◆ YOUR INSTRUCTIONS ◆
An exact copy of every entry below is required, and no picture may appear in it.

◆ SOURCE MATERIAL ◆
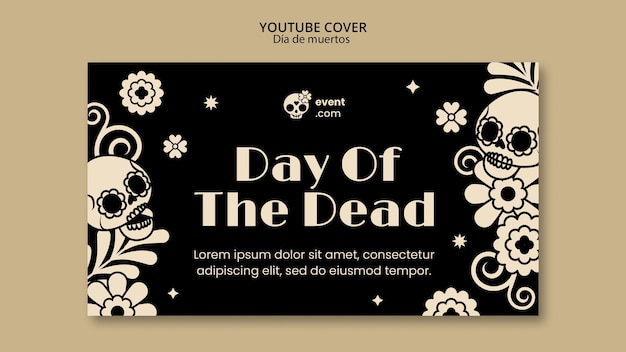 PSD grátis modelo de design plano dia de muertos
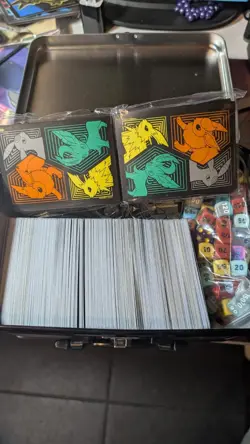 Pokemon Metal & Plastic Coins, Vstar Markers, Dice, And Bulk Card Lot W/Lunchbox - Image 2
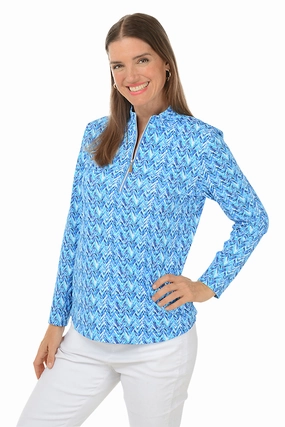 Abrasion Resistant Surface Interlock Weave Blue Chevron Mock Neck UPF50  Top
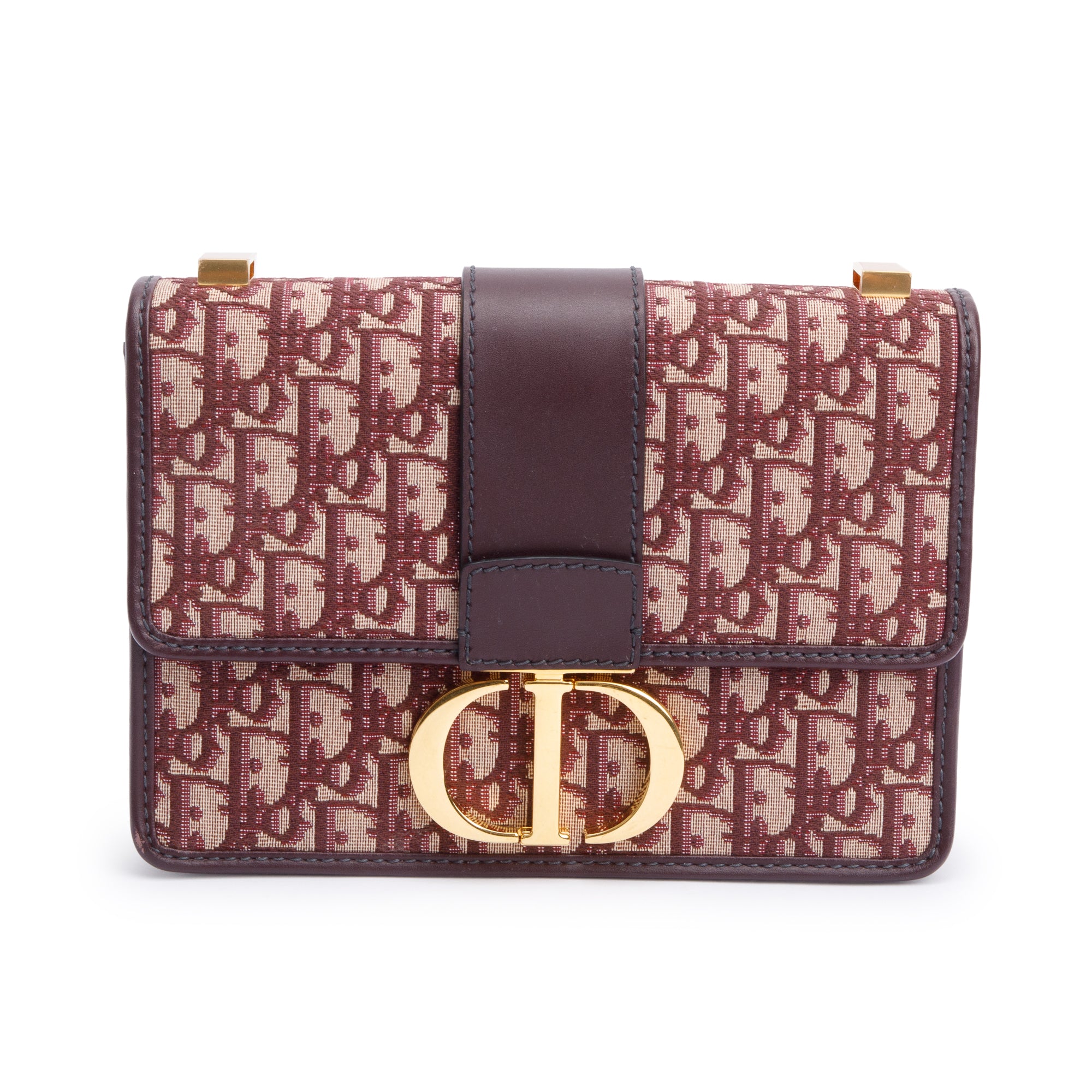Christian Dior Burgundy Oblique 30 Montaigne Bag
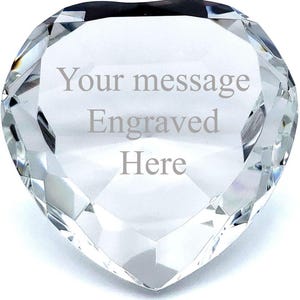 Personalized Crystal Diamond Heart Engraved Paperweight with Gift Box 9 colors to choose from.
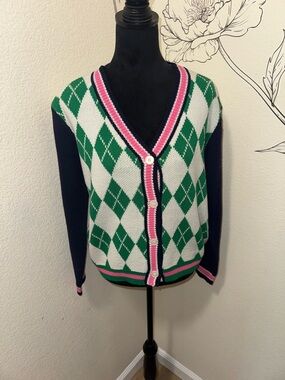 Green & White Argyle V-Neck Cardigan with Pink Trim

◆ WRITTEN SOLUTION ◆
 PSD grátis modelo de design plano dia de muertos
 Pokemon Metal & Plastic Coins, Vstar Markers, Dice, And Bulk Card Lot W/Lunchbox - Image 2
 Abrasion Resistant Surface Interlock Weave Blue Chevron Mock Neck UPF50  Top
Christian Dior Burgundy Oblique 30 Montaigne Bag
 Personalized Crystal Diamond Heart Engraved Paperweight with Gift Box 9 colors to choose from.
 Green & White Argyle V-Neck Cardigan with Pink Trim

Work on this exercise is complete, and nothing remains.